“Yessir. In Greenbrier Cove.”
“Did he pay you in gold?” sneered Ackert. “Or in greenbacks? Or mebbe in Cornfed money?”
“I wouldn’t hev his gold.” She drew herself up proudly, though the tears were still coursing down her cheeks. “So he gin me a present—a whole passel o’ coffee in my milk-piggin.” Then to complete a candid confession she detailed the disposition she had made of this rare and precious luxury at the rebel smallpox camp.
His eyes seemed to dilate as they gazed up at her. “Jesus Gawd!” he exclaimed, with uncouth profanity. But the phrase was unfamiliar to her, and she caught at it with a meaning all her own.
“That’s jes’ it! Folks in gineral don’t think o’ them, ‘cept ter git out o’ thar way; an’ nobody keers fur them, but kase Jesus is Gawd He makes somebody remember them wunst in a while! An’ they did seem passable glad.”
A vague sweet fragrance was on the vesperal air; some subtle distillation of asters or jewel-weed or “mountain-snow,” and the leafage of crimson sumac and purple sweet-gum and yellow hickory and the late ripening frost-grapes—all in the culmination of autumnal perfection; more than one star gleamed whitely palpitant in a sky that was yet blue and roseate with a reminiscence of sunset; a restful sentiment, a brief truce stilled the guerilla’s tempestuous pulse as he continued to stand beside his horse’s head while the girl waited, seated on the saddle blanket.

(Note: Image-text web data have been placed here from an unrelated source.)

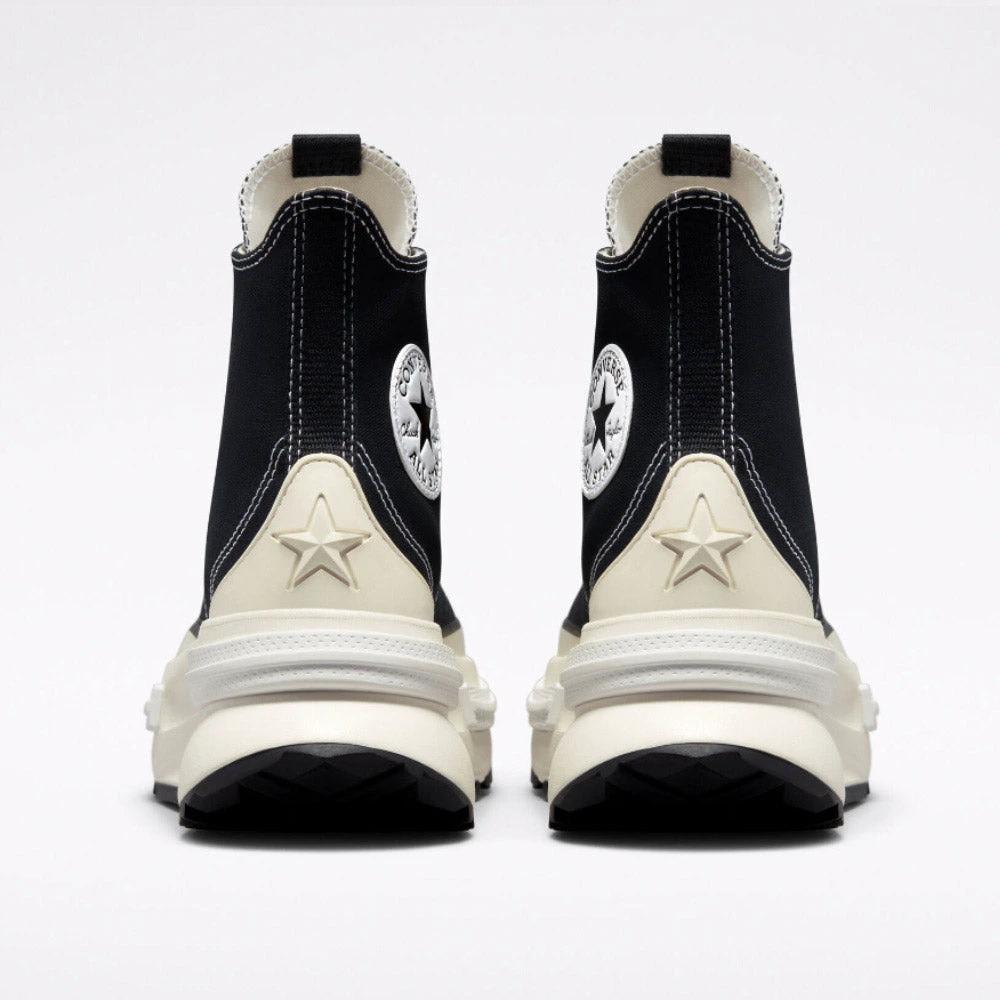 Tenis Converse Run Star Legacy by Converse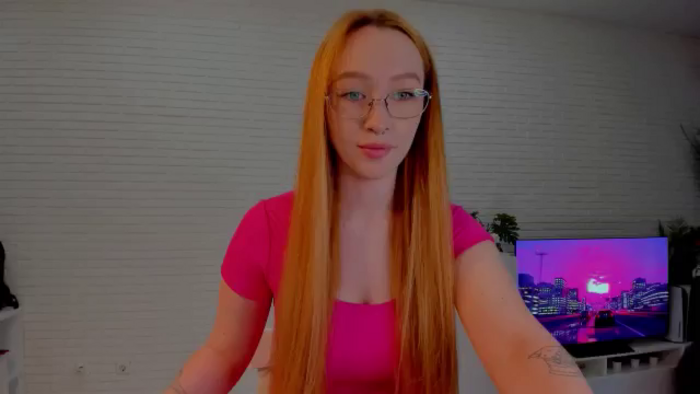 AlexxDay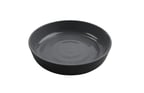 image of GET RB-9-WS/GRM ) 1 - 2 qt (32 - 95 oz) Plastic Bowl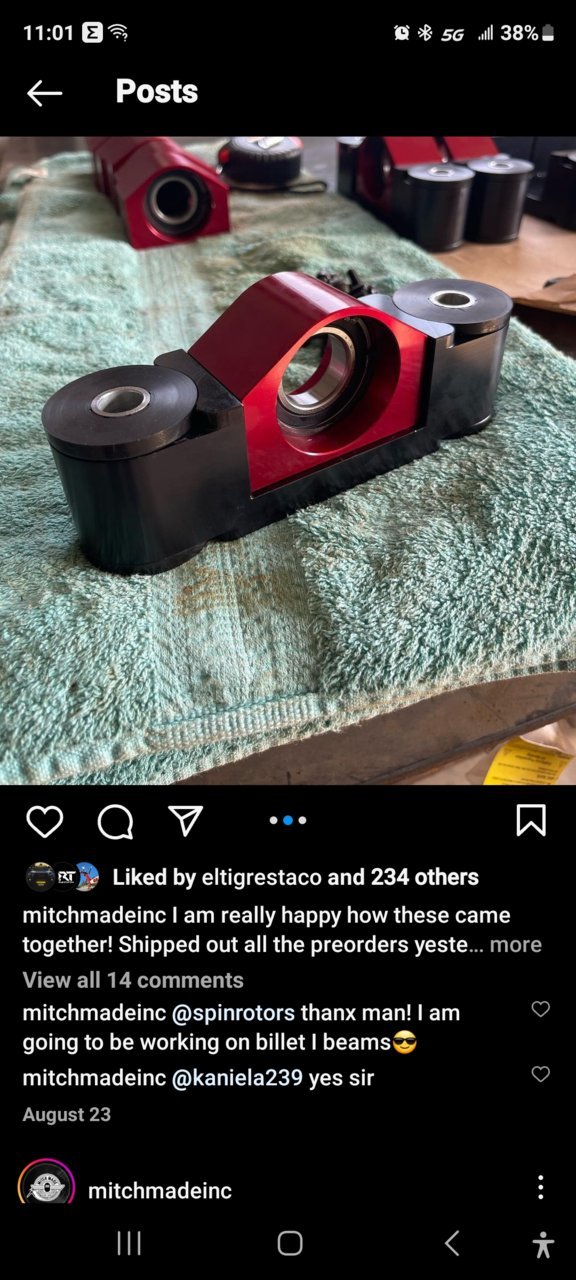 Screenshot_20230913_230143_Instagram.jpg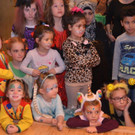 Kinderfasching Dalaas 2018 _70_.jpg
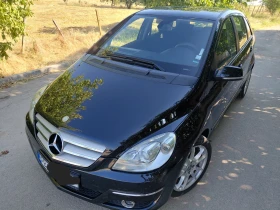 Mercedes-Benz B 180 1, 8cdi - 3700 € / 7236.57 лв. - 31379242 4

Suddenly he spoke to an unexpected intent. “Ye took a power o’ risk in goin’ nigh that Confederate pest-camp—an’ yit ye’re fur the Union an’ saved a squadron from capture!” he upbraided the inconsistency in a soft incidental drawl.
“Yes, I be fur the Union,” she trembled forth the dread avowal. “But somehows I can’t keep from holpin’ any I kin. They war rebs—an’ it war Yankee coffee—an’ I dun’no’—I jes’ dun’no’——”
As she hesitated he looked long at her with that untranslated gaze. Then he fell ponderingly silent.
Perhaps the revelation of the sanctities of a sweet humanity for a holy sake, blessing and blessed, had illumined his path, had lifted his eyes, had wrought a change in his moral atmosphere spiritually suffusive, potent, revivifying, complete. “She is as good as the saints in the Bible—an’ plumb beautiful besides,” he muttered beneath his fierce mustachios.